I tend to get really upset with myself if I buy something and then find it considerably cheaper elsewhere. I need a TiVo HD and nothing else (wireless, etc).

Amazon has them for $260. Is that about as good as it gets?

I'll probably get the 3-yr prepaid service plan @ $299 from tivo.com. Is that something I pay for after I get my TiVo from Amazon (or wherever)?


----------



## rainwater (Sep 21, 2004)

jhawkstew said:


> I'll probably get the 3-yr prepaid service plan @ $299 from tivo.com. Is that something I pay for after I get my TiVo from Amazon (or wherever)?


Yes. If you buy a box from anywhere other than TiVo.com, then you can go online once you get the TiVo and activate the service on tivo.com with whatever plans they have available. All you will need is the TSN which is written on the TiVo and in System Information.


----------



## alyssa (Dec 7, 2003)

You might want to look at the refurbed from tivo. You've got to lock in a pricing package but it'll save you 60 bucks.

http://www.tivo.com/promo/factory_renewed_dvr.html

Altho I'm in the market for a HD unit-I've decided to pass because I'm gonna be transferring my MSD of $6.95 on to the new unit. I most likely will be getting the amazon deal.


----------



## 171176 (Mar 26, 2007)

The refurb price I found at tivo.com was $250 for the TiVo HD. So, since Amazon's price is now $247.36 for a brand new one, I think I'll go with that if it stays that way for a few more days. I want to sleep on this before making the irreversible decision.

Is there anywhere else I should look before getting it through Amazon? Best Buy and Circuit City have $300 price tags.


----------



## magnus (Nov 12, 2004)

I love my Tivo HD and OTA digital.
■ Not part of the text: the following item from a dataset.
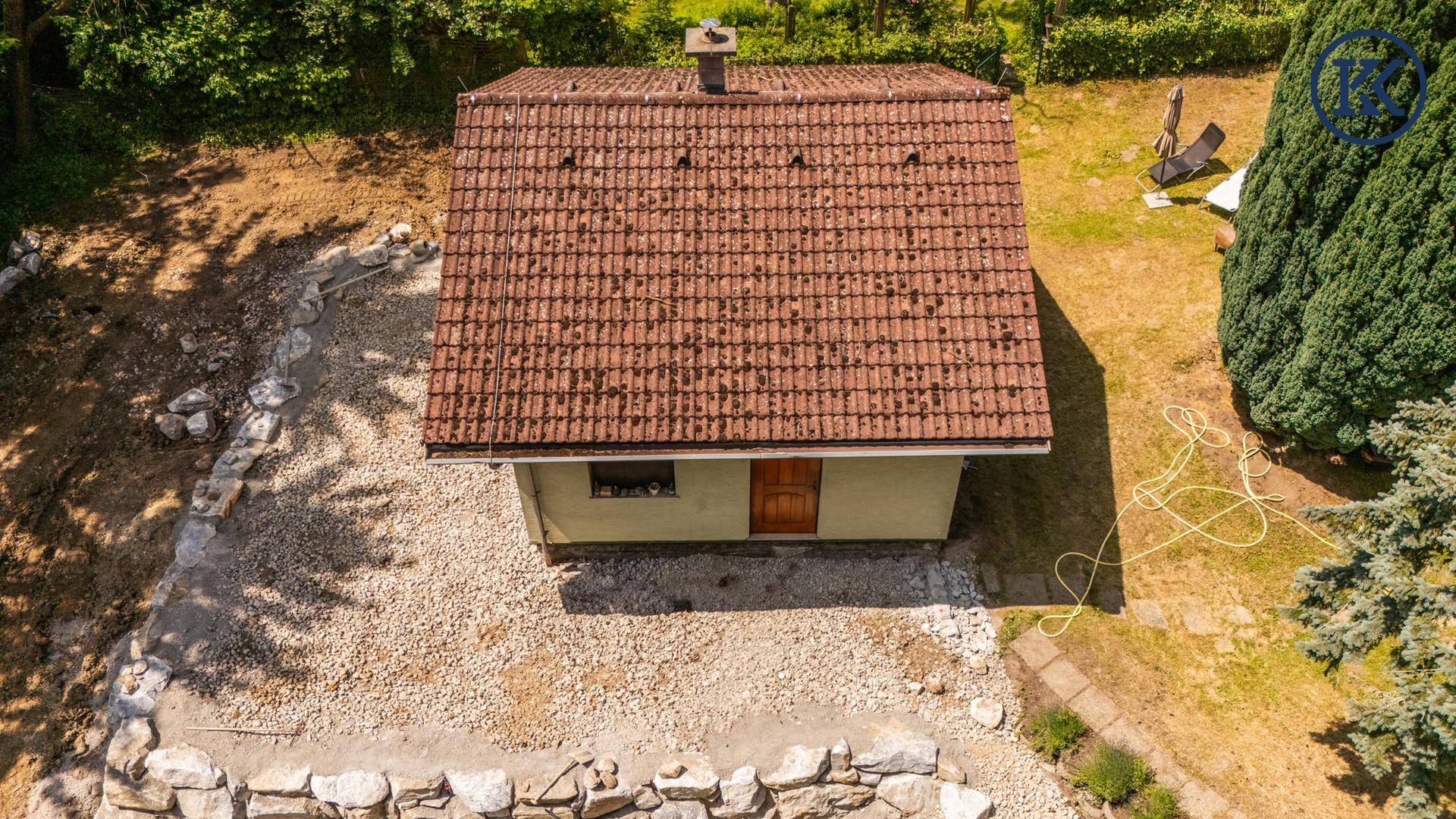 Luftaufnahme eines Hauses mit Ziegeldach, Kiesfläche und umgebendem Grün.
Only problem is the drive is not big enough but it still works well.



jhawkstew said:


> I've come to the definite conclusion that I'm buying a TiVo HD. I'm cutting back to just OTA (dropping AT&T Uverse).
> 
> I tend to get really upset with myself if I buy something and then find it considerably cheaper elsewhere. I need a TiVo HD and nothing else (wireless, etc).
> 
> ...


----------



## TheGreenHornet (Nov 1, 2007)

I was Costco the other day and they had the HD version for $249 (provided you are a Costco member). Not all Costco stores have Tivo. I visit two regularly and the store in King Of Prussia, PA does not have Tivo but Montgomeryville, PA does.

I was pricing the series 3 on Amazon for a friend who likes mine. Amazon has them back in stock and with rebate the price is $410.


----------



## jjberger2134 (Nov 20, 2002)

I think $250 is a fair price. Just use a credit card that has some sort of price protection (such as AMEX) or buy from a retailer with a price match policy.

I know you said you did not need the wireless adapter, but you could get the Blue Moon deal, for $699. You already are committed to spend $550 ($250 for TiVoHD and $299 for 3yr. pre-pay). So for the $150 more you get an adapter (which can be sold on eBay) and LIFETIME service. Just getting lifetime will create some value should you decide to sell your TiVoHD one day.

Overall you would be spending about $100 more than you are currently planning on spending, but you could easily get that money back one day should you sell your unit.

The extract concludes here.